Scene finali da una tragicommedia. Renzi: “ha vinto l’amore”. Alfano: “E’stato un bel regalo all’Italia avere impedito che due persone dello stesso sesso cui lo impedisce la natura, avessero la possibilità di avere un figlio”. Cala il sipario in maniera più che sconfortante su una legge sulle Unioni Civili, che non è come tutte le persone che ritengono i diritti un tratto caratterizzante delle democrazie borghesi, avrebbero voluto. Il “dopo” aggiunge solo tristezza al prima. Un presidente del Consiglio che canta vittoria dopo aver rinunciato a una battaglia sui principi e aver salvato la “pelle” (la poltrona) grazie al voto di diciotto verdiniani che vengono tenuti nascosti dal governo come si fa con i portatori di una pericolosa malattia: o esistono, e allora vanno esibiti con tutto quello che ne consegue dal punto di vista della mutazione non solo genetica di una forza di centro-sinistra; o non esistono e allora non si può cantar vittoria per il voto del Senato ed essere soddisfatti per come è andata a finire.

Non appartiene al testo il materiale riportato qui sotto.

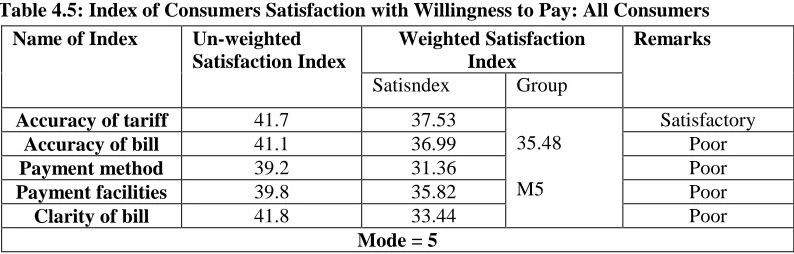 Table 4.5: Index of Consumers Satisfaction with Willingness to Pay: All Consumers 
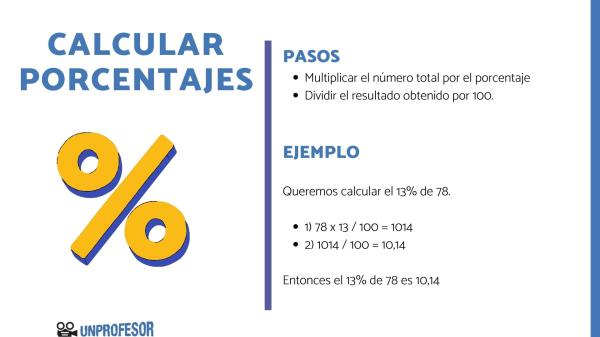 Cuál es el número que representa una parte del total en 100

Ma il ministro dell’Interno Angelino Alfano, cioè l’uomo di governo che in questi anni è stato oggetto del maggior numero di voti di sfiducia “ad personam”, ha superato sé stesso e anche il limite evocando scenari contro-natura, Sodoma e Gomorra, fulmini e saette. Bisognerebbe avere rispetto delle persone, anche quando non se ne condividono o non se ne comprendono gli stili di vita. E’ questa la libertà, è questa la democrazia. Ma non è, evidentemente, questa la scuola che ha frequentato il Ministro, preoccupato soprattutto di non perdere troppo terreno nell’inseguimento di Gandolfini già tallonato da Gasparri, Giovanardi, Salvini e allegrissima compagnia. Non c’è assolutamente nulla contro-natura nel desiderio di essere genitori perché la natura riguarda la capacità procreativa che è altra cosa: il primo rientra nel campo dei sentimenti, la seconda in quello dell’anatomia (per quanto aggirabile o superabile).
Ha ragione Massimo Cacciari a proposito del dibattito sulla fedeltà: è roba da ubriachi. Perché anche qui siamo sul terreno della morale, delle scelte etiche intime e non su quello del diritto. Si è fedeli per scelta privata e adesione a valori che provengono dalla formazione, dall’istruzione, dall’ambiente. Qualsiasi rapporto che funzioni si basa sulla fedeltà che lo riconosca o meno la legge. Né, d’altro canto, la legge può imporre a chi non è più in grado di reggere questo obbligo perché il rapporto si è esaurito, di farsene comunque carico. Esisteva, in questo Paese, il reato di adulterio e da esso derivava l’obbligo per legge della fedeltà. Ma anche su questo fronte dovremmo guardare avanti e non indietro. E senza distinzioni tra etero e omosessuali. L’averlo negato ai secondi i è solo un gesto di ripicca. Il tenerlo fermo come obbligo di legge per i primi è un orpello ormai inutile. E, comunque, non è il Parlamento italiano il luogo più adatto per dibattere su un tema impegnativo come la fedeltà, un luogo dove i “tradimenti” sono quotidiani, i mutamenti di opinione vengono scanditi al ritmo delle ore e i cambi di casacca seguono l’andamento dei minuti.